For your teen's safety, follow these tips:

  • Discuss drugs with your teen: Explain the dangers of drug use to your teen and the importance of making healthy choices.

  • Become a role model for your teen: Avoid taking drugs yourself to set a good example.

  • Take part in your teen's life: You don’t have to be a “helicopter parent.” But, you should take the time to get to know the friends and activities of your teenager.

  • Encourage your teen to participate in extracurricular activities: Keeping teens occupied and away from drugs is one of the benefits of extracurricular activities.

  • Take the time to listen. Provide your teen with support and a good listening ear if they come to you about drug use.

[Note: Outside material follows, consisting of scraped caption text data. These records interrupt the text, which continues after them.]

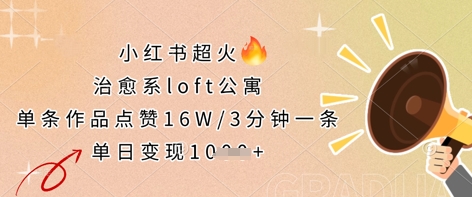 小红书超火的治愈系loft公寓,单条作品点赞16W,3分钟一条,单日变现数张-山河资源网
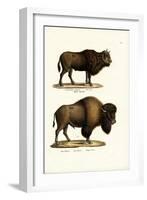 Aurochs, 1824-Karl Joseph Brodtmann-Framed Giclee Print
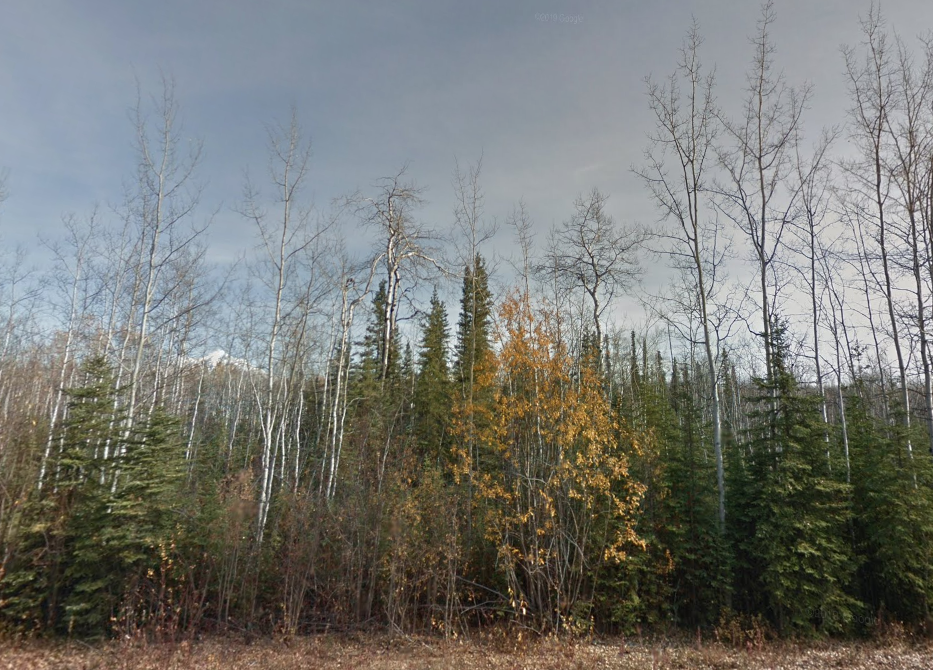 Trees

A number of resources are available to help you if you believe your teen is using drugs. The best person to talk to about your teen's issues is his or her doctor, a therapist, or a counselor. Likewise, support groups are available for parents of teens who struggle with drug abuse.

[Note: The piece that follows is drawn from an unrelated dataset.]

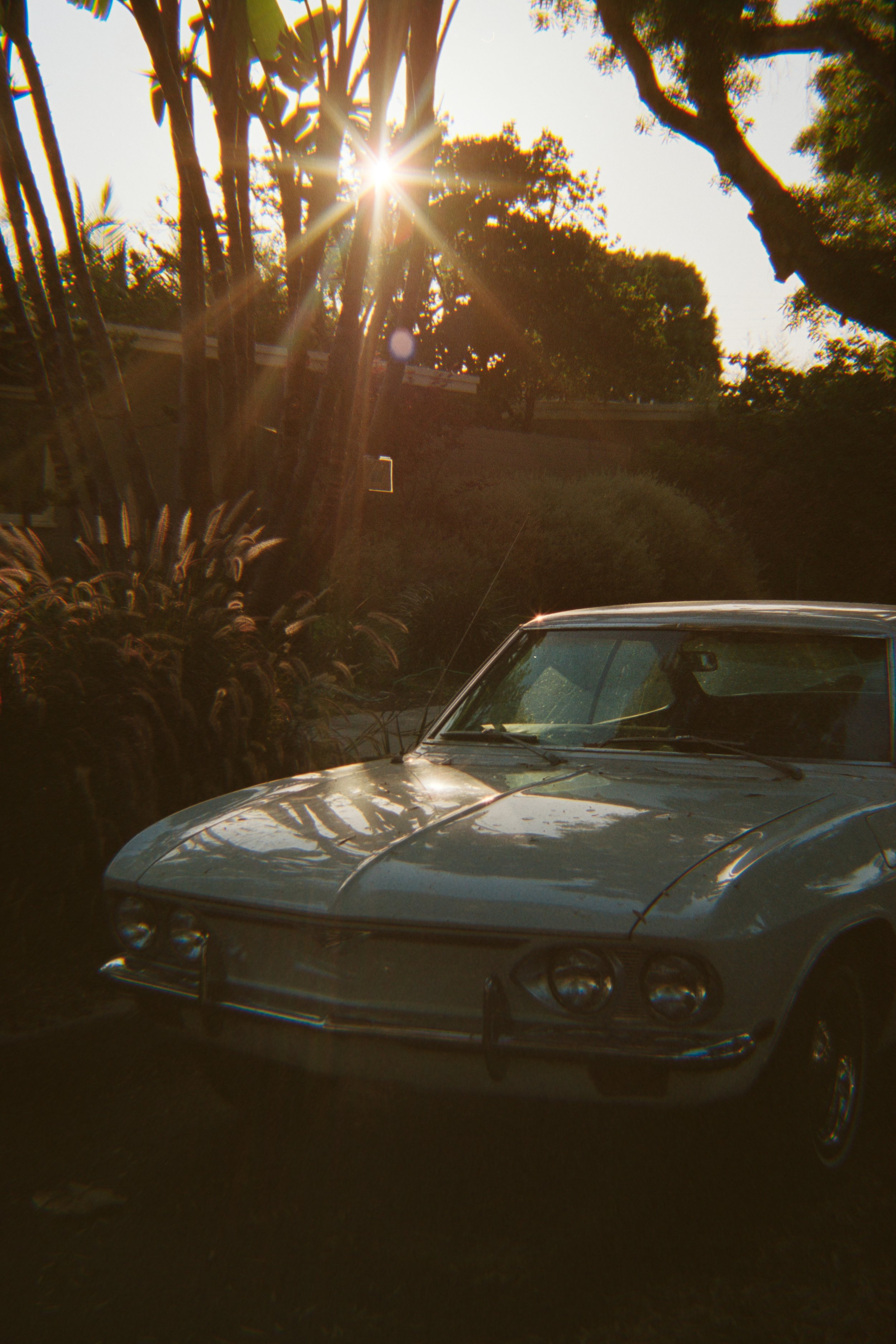 Rides on Rolls-36.jpg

You may also find these resources helpful:

  • The National Institute on Drug Abuse (NIDA): The NIDA provides drug abuse and addiction resources.

  • The Substance Abuse and Mental Health Services Administration (SAMHSA): The SAMHSA is a federal agency that offers substance abuse and mental health information.

  • The National Council on Alcoholism and Drug Dependence (NCADD): The NCADD provides resources and information regarding alcoholism and drug abuse.

If you are worried about your teen's drug use, don't hesitate to seek help. It is never shameful to ask for help, and you might save your life if you do.

FAQs About Teen Substance Abuse

What are the signs of teen drug use?

  • Behavior changes, including mood swings, irritability, and aggression.

  • A change in school performance, such as a fall in grades or absences from classes.

  • Changing physical appearance, such as weight loss, gaining weight, or red eyes.

  • Isolation or increased secrecy.

  • Hobbies and activities that used to be enjoyable no longer interest them.

  • Engaging in more drug-related activities with friends.

  • The discovery of drug paraphernalia, such as needles, pipes, or rolling papers.

The signs listed above should alert you to the need to talk to your teen. Moreover, not all teens who exhibit these signs use drugs. Nevertheless, if you are concerned, you should speak with your teen and seek professional assistance if necessary.

What are the effects of teen drug use?

The following are some of the negative effects of teen drug use:

  • Addiction: Teen drug use has the potential to lead to addiction, a chronic, relapsing disease of the brain characterized by compulsive drug seeking and use, despite harmful side effects.

  • Health problems: Drug use by teens can harm the lungs, liver, and brain, as well as cause respiratory problems.

  • Legal problems: Drug use among teens can result in arrests and convictions.

  • School problems: Teen drug use can lead to academic failure, dropping out of school, and suspensions or expulsions.

  • Relationship problems: Addiction to drugs can lead to problems with friends and family relationships.

  • Financial problems: Many teenagers who use drugs will steal money to buy drugs, incur debt, or get into trouble with the law.

What can I do if my teen is using drugs?

It is important to stay calm and talk to your teen if you discover that he or she is using drugs. Having a sense of belonging is also important. It is possible to help your teen with a variety of resources. Consult a trusted adult, such as a doctor, counselor, or teacher.

Alternatively, you can call a hotline, such as the National Drug Helpline (1-800-662-HELP) or the Substance Abuse and Mental Health Services Administration (SAMHSA) National Helpline (1-800-662-HELP).

For teens who are struggling with drug abuse, there are many treatment options. Support groups, therapy, and medication may all be options. Your teen can live a productive and healthy life if he or she receives the right help to overcome drug abuse.